What is expected: Your answer should consist solely of the lines from the first line of the data through the line with "Happy Oaster Pink", each reproduced exactly.

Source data
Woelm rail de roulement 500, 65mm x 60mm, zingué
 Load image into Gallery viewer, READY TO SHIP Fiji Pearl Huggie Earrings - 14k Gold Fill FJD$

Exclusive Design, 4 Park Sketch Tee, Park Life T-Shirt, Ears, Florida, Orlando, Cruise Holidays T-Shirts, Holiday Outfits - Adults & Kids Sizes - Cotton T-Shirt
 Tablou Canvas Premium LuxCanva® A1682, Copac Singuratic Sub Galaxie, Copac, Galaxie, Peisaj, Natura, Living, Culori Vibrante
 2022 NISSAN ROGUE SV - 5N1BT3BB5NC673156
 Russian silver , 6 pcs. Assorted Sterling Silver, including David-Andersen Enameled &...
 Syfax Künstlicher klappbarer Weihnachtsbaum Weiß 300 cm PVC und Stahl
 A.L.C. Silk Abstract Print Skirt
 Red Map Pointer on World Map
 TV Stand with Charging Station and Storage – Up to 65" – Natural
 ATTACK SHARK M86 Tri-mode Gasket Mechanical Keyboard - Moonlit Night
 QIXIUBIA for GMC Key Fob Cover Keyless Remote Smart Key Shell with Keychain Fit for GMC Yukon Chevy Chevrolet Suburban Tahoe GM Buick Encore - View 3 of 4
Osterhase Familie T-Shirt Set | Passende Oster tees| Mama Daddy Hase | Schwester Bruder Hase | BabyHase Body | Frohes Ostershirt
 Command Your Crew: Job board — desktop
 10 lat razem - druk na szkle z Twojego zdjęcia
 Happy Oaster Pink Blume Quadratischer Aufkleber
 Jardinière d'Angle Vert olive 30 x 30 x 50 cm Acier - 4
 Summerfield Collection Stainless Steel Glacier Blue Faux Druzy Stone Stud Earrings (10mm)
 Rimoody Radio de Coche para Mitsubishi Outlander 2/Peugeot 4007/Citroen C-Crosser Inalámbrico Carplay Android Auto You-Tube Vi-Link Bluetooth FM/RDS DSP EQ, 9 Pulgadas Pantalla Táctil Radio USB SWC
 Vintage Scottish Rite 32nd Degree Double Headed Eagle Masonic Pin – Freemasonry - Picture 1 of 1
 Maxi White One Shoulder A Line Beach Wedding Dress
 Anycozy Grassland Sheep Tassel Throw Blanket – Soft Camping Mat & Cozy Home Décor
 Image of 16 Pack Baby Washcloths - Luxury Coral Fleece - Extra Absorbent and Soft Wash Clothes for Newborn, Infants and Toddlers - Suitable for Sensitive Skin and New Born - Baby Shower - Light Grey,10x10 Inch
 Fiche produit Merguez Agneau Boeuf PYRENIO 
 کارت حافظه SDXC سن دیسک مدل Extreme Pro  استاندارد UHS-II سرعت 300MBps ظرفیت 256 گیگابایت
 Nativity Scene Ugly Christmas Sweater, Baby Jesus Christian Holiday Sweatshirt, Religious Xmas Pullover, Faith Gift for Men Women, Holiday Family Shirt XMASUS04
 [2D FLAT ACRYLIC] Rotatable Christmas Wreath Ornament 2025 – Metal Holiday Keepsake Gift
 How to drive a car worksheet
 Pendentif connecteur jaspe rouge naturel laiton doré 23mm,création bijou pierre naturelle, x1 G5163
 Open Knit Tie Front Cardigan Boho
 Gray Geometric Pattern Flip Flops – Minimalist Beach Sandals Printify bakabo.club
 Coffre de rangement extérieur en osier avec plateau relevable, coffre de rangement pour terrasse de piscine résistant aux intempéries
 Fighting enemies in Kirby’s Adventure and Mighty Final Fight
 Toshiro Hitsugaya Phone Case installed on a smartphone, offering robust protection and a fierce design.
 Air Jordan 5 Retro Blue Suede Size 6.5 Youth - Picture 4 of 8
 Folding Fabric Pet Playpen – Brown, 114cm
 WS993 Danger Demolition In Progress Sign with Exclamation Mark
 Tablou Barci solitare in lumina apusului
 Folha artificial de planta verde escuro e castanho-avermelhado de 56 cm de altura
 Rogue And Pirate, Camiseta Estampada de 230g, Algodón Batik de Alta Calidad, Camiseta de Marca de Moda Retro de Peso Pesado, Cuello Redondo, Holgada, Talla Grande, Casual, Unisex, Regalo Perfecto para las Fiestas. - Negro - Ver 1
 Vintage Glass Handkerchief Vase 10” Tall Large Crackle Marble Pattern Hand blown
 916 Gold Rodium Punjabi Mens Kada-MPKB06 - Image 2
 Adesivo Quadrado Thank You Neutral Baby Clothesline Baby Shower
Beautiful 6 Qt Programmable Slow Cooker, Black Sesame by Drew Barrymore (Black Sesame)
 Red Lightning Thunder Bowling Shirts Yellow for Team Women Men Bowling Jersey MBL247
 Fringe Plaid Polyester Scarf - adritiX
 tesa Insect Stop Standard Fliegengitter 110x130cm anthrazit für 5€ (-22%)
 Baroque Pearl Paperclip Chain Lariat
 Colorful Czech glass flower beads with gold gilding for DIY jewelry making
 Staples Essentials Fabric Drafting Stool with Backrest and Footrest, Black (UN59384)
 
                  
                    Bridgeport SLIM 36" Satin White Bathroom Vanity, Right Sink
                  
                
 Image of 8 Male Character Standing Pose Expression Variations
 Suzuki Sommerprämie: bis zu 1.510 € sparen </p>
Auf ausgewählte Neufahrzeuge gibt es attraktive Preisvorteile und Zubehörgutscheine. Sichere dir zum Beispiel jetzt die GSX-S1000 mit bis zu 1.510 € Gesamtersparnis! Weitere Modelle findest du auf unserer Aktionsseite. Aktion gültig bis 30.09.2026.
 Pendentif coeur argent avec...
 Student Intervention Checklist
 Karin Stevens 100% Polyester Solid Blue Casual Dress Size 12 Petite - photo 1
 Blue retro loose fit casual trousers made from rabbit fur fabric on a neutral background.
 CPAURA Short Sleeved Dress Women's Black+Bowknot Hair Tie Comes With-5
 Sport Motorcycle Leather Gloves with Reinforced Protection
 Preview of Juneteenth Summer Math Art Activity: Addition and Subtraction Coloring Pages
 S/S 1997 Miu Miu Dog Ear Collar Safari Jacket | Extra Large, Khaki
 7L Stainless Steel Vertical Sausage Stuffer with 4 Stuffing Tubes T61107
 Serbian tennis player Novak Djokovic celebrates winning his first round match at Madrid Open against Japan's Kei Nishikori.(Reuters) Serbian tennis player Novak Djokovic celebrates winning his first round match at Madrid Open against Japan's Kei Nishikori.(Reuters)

Result for this task:
Woelm rail de roulement 500, 65mm x 60mm, zingué
 Load image into Gallery viewer, READY TO SHIP Fiji Pearl Huggie Earrings - 14k Gold Fill FJD$

Exclusive Design, 4 Park Sketch Tee, Park Life T-Shirt, Ears, Florida, Orlando, Cruise Holidays T-Shirts, Holiday Outfits - Adults & Kids Sizes - Cotton T-Shirt
 Tablou Canvas Premium LuxCanva® A1682, Copac Singuratic Sub Galaxie, Copac, Galaxie, Peisaj, Natura, Living, Culori Vibrante
 2022 NISSAN ROGUE SV - 5N1BT3BB5NC673156
 Russian silver , 6 pcs. Assorted Sterling Silver, including David-Andersen Enameled &...
 Syfax Künstlicher klappbarer Weihnachtsbaum Weiß 300 cm PVC und Stahl
 A.L.C. Silk Abstract Print Skirt
 Red Map Pointer on World Map
 TV Stand with Charging Station and Storage – Up to 65" – Natural
 ATTACK SHARK M86 Tri-mode Gasket Mechanical Keyboard - Moonlit Night
 QIXIUBIA for GMC Key Fob Cover Keyless Remote Smart Key Shell with Keychain Fit for GMC Yukon Chevy Chevrolet Suburban Tahoe GM Buick Encore - View 3 of 4
Osterhase Familie T-Shirt Set | Passende Oster tees| Mama Daddy Hase | Schwester Bruder Hase | BabyHase Body | Frohes Ostershirt
 Command Your Crew: Job board — desktop
 10 lat razem - druk na szkle z Twojego zdjęcia
 Happy Oaster Pink Blume Quadratischer Aufkleber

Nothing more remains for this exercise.